While The Last Stand will not be 65-year-old Schwarzenegger’s last film, it plays with a cheeky humour that Arnie fans and cynics alike will look upon with pleasure. His character Ray Owens, once a LAPD narcotics cop, has settled down to country living for a bit of peace and quiet, only to be jolted out of it by Cortez. The narrative construction is familiar, yet Schwarzenegger’s ten-year hiatus from acting adds freshness to the material; the way he looks and carries himself seems “old” (as he amusingly describes himself.)

Arnie’s strengths are at the fore here, yet the film is weakened by a plot line involving the FBI hunt for Cortez.
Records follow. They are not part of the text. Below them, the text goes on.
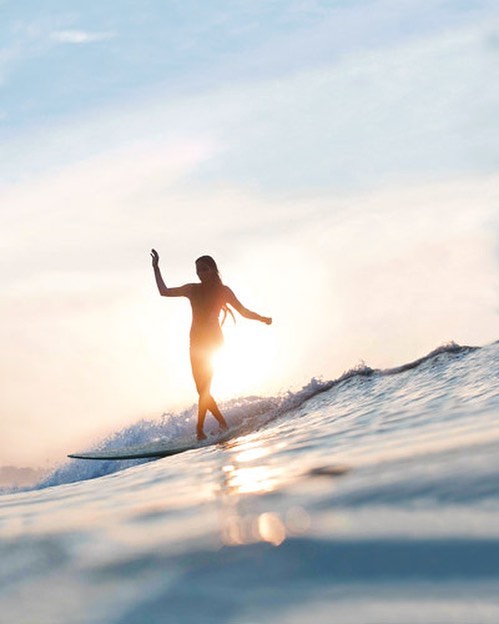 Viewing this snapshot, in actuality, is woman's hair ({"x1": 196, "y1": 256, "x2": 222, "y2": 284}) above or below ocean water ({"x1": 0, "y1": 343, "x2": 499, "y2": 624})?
above

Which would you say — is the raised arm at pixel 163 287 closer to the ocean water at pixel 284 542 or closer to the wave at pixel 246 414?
the wave at pixel 246 414

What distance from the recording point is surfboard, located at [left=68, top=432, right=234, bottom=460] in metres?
10.5

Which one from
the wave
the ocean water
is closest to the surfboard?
the wave

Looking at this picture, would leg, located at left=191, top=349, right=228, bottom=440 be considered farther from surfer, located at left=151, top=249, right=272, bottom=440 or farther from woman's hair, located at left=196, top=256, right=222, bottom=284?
woman's hair, located at left=196, top=256, right=222, bottom=284

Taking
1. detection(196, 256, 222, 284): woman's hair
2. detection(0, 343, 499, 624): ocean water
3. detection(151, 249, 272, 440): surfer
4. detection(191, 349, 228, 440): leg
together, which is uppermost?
detection(196, 256, 222, 284): woman's hair

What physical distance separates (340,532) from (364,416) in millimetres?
4277

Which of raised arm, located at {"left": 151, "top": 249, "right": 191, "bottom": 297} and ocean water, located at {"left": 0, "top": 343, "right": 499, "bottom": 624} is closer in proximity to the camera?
ocean water, located at {"left": 0, "top": 343, "right": 499, "bottom": 624}

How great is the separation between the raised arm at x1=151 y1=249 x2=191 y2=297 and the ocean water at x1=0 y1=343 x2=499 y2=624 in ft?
20.7

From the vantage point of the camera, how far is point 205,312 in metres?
10.5

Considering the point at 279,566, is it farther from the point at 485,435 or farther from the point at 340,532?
the point at 485,435

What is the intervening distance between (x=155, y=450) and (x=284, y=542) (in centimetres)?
928

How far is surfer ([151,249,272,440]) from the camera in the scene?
10.4 meters

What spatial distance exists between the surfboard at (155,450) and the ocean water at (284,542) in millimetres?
6282

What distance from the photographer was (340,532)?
2129mm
Having lost the drug lord in Las Vegas the FBI, headed by the rather angry Agent John Bannister (Forest Whitaker), pursue him as he approaches Somerton Junction in his custom built Corvette. The FBI are intended to represent the modern, sleek operation in contrast to Arnie’s small town policing, yet their dull scenes serve to take potentially entertaining screen time away from Arnie.
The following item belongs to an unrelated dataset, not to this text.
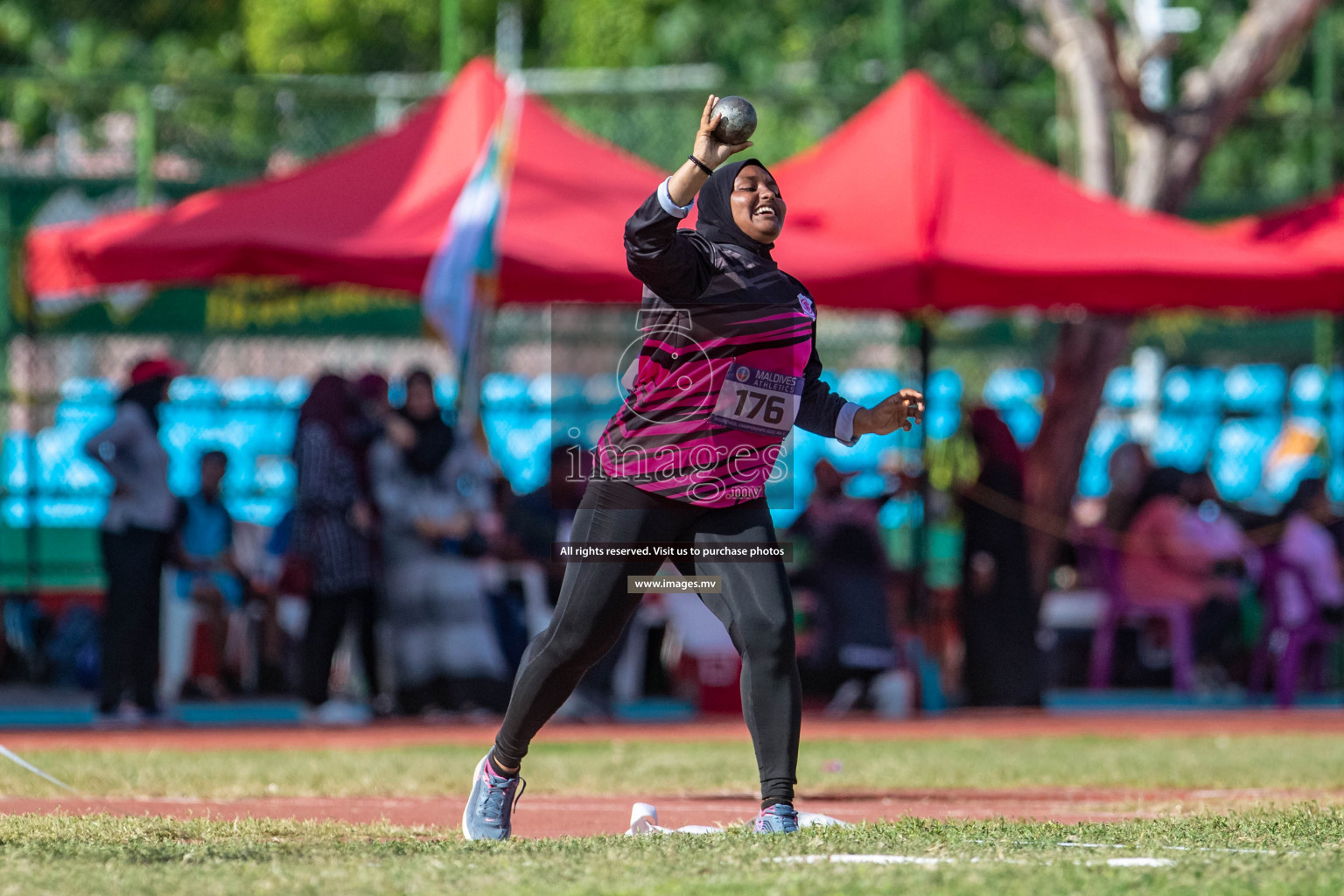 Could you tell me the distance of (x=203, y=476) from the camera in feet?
39.9

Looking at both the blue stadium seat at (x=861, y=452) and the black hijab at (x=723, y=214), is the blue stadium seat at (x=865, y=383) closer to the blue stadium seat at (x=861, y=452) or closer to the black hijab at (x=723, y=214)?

However, South Korean director Jee-woon Kim stages the film’s action (for that is the true purpose of the film) with an entertaining eye for American genre traits (nods to Dirty Harry and American Westerns) and a flare for violence. The action has impact, with a satisfying Peckinpah-esque punch. The film’s defining setpiece where Owens and Cortez race muscle cars through a cornfield is a particularly inspired collision between the modern and the rural. Arnie’s acquisition of various old fashioned firearms (including a WWII era chain gun, mounted in a school bus), also leads to memorable shootouts.
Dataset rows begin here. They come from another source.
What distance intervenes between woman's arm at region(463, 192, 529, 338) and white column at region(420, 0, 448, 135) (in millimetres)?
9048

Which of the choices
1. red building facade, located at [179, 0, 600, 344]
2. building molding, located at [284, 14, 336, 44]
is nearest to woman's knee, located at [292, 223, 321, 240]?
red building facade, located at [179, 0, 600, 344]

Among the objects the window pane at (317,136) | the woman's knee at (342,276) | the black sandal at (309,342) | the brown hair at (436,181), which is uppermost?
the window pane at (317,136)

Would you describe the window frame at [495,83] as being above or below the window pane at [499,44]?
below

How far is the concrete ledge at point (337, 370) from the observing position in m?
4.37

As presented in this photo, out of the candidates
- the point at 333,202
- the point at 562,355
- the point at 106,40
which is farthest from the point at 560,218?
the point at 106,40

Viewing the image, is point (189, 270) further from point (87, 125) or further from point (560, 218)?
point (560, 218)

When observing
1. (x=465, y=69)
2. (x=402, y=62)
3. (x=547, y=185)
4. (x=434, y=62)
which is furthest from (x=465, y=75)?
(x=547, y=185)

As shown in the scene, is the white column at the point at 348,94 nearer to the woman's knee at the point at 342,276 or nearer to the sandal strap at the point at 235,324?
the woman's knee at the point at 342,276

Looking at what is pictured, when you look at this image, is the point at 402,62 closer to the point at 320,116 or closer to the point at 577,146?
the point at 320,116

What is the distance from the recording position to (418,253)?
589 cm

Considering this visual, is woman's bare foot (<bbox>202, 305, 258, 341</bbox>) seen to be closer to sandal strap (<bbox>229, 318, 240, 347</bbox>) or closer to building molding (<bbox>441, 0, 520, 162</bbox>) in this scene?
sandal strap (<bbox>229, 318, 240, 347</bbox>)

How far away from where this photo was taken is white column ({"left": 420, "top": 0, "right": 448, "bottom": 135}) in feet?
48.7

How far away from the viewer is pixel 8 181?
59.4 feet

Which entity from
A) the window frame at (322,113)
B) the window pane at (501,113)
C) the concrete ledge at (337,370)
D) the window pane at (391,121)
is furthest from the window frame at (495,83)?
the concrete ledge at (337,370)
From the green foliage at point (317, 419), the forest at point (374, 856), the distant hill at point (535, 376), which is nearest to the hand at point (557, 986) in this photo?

The Last Stand is far from the greatest Schwarzenegger movie, but it is a satisfying, satirical and ultimately consistent return following his ten years in politics. It also reminds us of Arnie’s unique ability to turn simple, even banal dialogue into gold. When he declares “I’m the sheriff!” with utmost conviction, we know we’re back in the hands of a true Hollywood action hero.